Arch Neurol 2001 Jul;58(7):1081-6
Mohr DC, Goodkin DE, Islar J, Hauser
SL, Genain CP
OBJECTIVE:
To examine the relationship between
depression, treatment of depression, and interferon gamma (IFN-gamma) production
by peripheral blood mononuclear cells in patients with comorbid diagnoses
of relapsing-remitting multiple sclerosis (MS) and major depressive disorder.

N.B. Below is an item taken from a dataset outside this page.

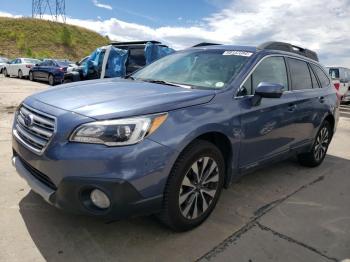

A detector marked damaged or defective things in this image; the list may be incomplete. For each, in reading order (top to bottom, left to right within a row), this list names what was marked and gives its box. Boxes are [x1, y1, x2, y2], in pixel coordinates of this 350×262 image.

damaged vehicle [64, 40, 174, 83]
damaged vehicle [12, 41, 338, 231] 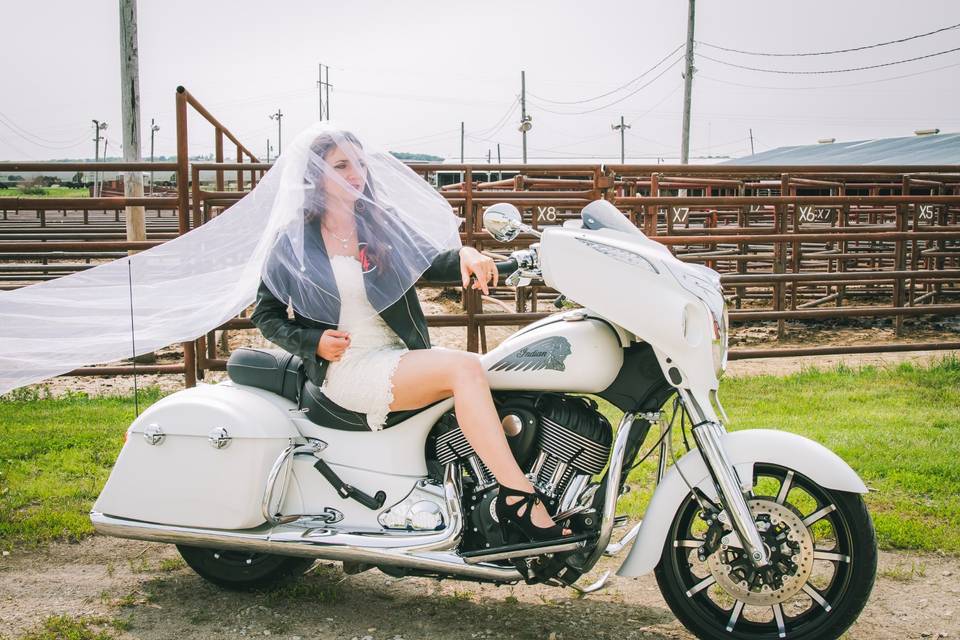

DESIGN: A randomized comparative outcome trial of three 16-week treatments
for depression. Assessments were conducted at baseline, week 8, and treatment
cessation.
SETTING:
An academic outpatient treatment
and clinical research center.
PATIENTS:
Fourteen patients who met the criteria
for relapsing-remitting MS and major depressive disorder.
INTERVENTIONS:
Individual cognitive behavioral therapy,
group psychotherapy, or sertraline therapy.
MAIN OUTCOME MEASURES:
Depression was assessed using the
Beck Depression Inventory. Interferon gamma production by peripheral blood
mononuclear cells was measured following stimulation with OKT3 or recombinant
human myelin oligodendrocyte glycoprotein (MOG). Variability in immune
assays was controlled using 8 nondepressed healthy subjects who were enrolled
at times corresponding with the enrollment of MS patients.
RESULTS:
Results of the Beck Depression Inventory
were significantly related to IFN-gamma production stimulated with OKT3
or MOG at baseline (P< or = .03 for all). Level of depression, OKT3-stimulated
IFN-gamma production, and MOG-stimulated IFN-gamma production all declined
significantly over the 16-week treatment period (P< or = .03 for all).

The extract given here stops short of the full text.